President Obama convened a
health care summit at the White House yesterday. He told the gathered stakeholders;
"At the fiscal summit that we held here last week, the one thing on which everyone agreed was that the greatest threat to America's fiscal health is not Social Security, though that's a significant challenge. It's not the investments that we've made to rescue our economy during this crisis. By a wide margin, the biggest threat to our nation's balance sheet is the skyrocketing cost of health care. It's not even close."
Even so, the administration steadfastly refuses to consider a single-payer system similar to those operating in every other G7 country. Big Health is winning again, as it seems highly unlikely an Obama administration will challenge entrenched interests, or take the profit motive out of health care delivery.
Obama told the gathered in Washington, health care costs create an American family bankruptcy every 30 seconds, and could, by year's end, mean a million and a half America families losing their homes. The president is right; it's a crisis begging disaster. All the more puzzling then the reluctance to forge the change Roosevelt called for so long ago. All voters will remember in 2012 is the timidity of his approach, and the ultimate failure to save those million and a half Americans from going bankrupt and losing their homes.
Surges, Purges, and Funeral Dirges
The most astonishing moment of Barak Obama's marathon campaign for the presidency was his final speech, addressed to an Illinois crowd numbering in the hundreds of thousands, all braving rain and freezing temperatures to hear the local lad made good. During that speech, a rhetorical triumph by any measure, Obama turned to the question of the nearly six-year occupation of Iraq saying it had to end. He said America could not continue to spend 10 billion dollars a month to maintain the status quo there. It sounded encouraging. It sounded as though the war would end.

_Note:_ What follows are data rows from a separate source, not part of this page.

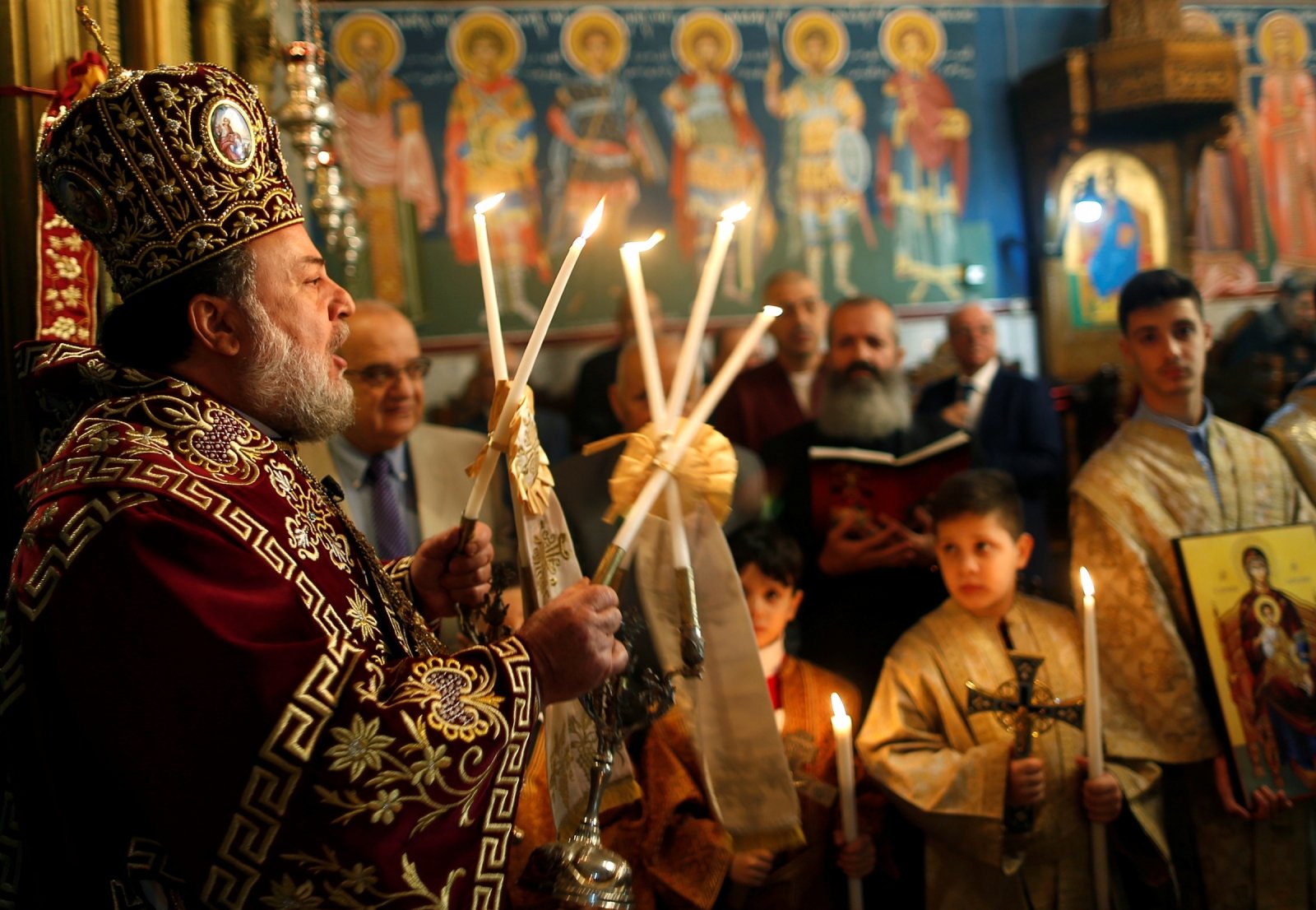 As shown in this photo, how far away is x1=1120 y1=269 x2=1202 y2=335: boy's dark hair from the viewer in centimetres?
333

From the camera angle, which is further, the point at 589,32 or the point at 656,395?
the point at 589,32

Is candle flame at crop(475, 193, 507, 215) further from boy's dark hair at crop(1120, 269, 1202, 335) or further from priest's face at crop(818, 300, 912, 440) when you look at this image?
boy's dark hair at crop(1120, 269, 1202, 335)

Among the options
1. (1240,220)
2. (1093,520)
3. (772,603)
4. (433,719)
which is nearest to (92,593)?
(433,719)

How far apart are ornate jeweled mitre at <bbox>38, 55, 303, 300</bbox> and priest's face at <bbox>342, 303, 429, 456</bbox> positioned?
4.44ft

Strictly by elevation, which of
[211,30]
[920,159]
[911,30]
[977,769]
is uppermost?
[911,30]

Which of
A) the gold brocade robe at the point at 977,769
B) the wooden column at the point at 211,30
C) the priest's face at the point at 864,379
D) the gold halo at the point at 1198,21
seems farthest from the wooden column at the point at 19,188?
the gold halo at the point at 1198,21

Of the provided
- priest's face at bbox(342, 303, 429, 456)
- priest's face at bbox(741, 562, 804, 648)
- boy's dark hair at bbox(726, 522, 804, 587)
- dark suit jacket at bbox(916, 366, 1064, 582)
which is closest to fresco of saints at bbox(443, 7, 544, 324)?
dark suit jacket at bbox(916, 366, 1064, 582)

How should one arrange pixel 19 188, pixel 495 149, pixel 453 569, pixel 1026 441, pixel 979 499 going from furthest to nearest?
pixel 495 149 < pixel 1026 441 < pixel 979 499 < pixel 19 188 < pixel 453 569

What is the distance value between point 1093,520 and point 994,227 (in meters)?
4.10

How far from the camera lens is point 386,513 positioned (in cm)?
313

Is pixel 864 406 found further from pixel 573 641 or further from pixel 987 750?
pixel 573 641

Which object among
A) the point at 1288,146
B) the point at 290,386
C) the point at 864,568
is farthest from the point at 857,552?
the point at 1288,146

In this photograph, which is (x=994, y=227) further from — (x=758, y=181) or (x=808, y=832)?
(x=808, y=832)

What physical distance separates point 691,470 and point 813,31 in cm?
575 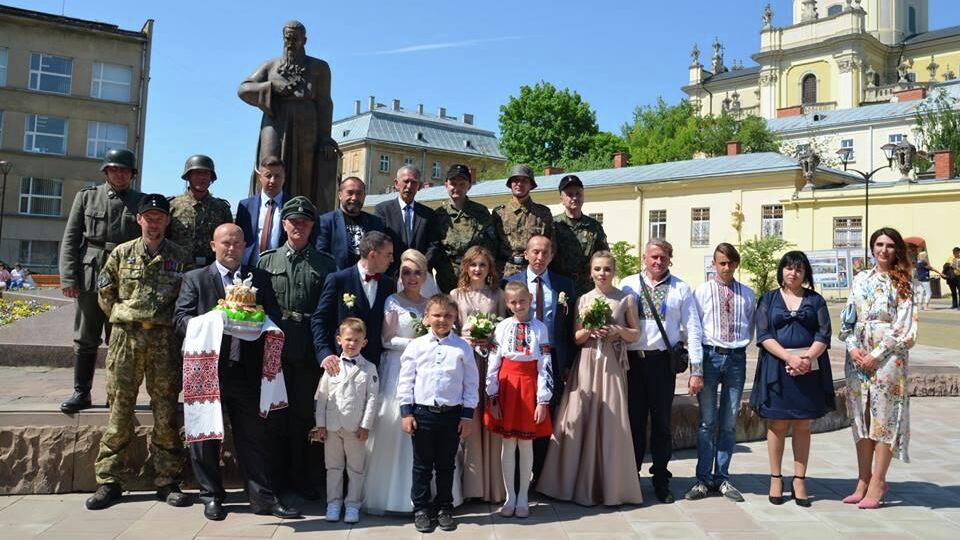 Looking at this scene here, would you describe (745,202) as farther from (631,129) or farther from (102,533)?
(102,533)

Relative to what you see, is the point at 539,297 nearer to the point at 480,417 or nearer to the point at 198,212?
the point at 480,417

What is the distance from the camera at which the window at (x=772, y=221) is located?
36.8m

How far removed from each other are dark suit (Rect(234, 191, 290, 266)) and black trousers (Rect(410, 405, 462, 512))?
6.83 ft

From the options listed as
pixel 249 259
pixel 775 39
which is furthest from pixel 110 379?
pixel 775 39

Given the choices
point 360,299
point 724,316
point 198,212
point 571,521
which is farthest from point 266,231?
point 724,316

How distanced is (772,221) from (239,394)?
36393mm

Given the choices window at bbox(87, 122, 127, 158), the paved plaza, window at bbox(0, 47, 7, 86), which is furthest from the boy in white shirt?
window at bbox(0, 47, 7, 86)

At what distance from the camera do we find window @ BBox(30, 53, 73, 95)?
35531mm

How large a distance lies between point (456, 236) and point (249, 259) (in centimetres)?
171

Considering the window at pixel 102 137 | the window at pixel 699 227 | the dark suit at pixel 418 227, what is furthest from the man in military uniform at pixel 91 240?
the window at pixel 699 227

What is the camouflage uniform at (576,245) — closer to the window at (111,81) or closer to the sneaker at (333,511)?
the sneaker at (333,511)

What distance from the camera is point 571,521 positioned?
503cm

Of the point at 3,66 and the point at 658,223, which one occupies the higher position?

But now, president Obama's rhetoric on Iraq is less inspiring. Yes, the soldiers will draw down in number, but there will be no American withdrawal. The bases will remain, along with the gargantuan U.S. embassy, larger than Vatican City, in Baghdad. Contractors, it's expected, will pick up the slack created by the departure of more than a hundred thousand troops. How this non-withdrawal withdrawal will diminish the astounding financial burden borne by taxpayers is not clear.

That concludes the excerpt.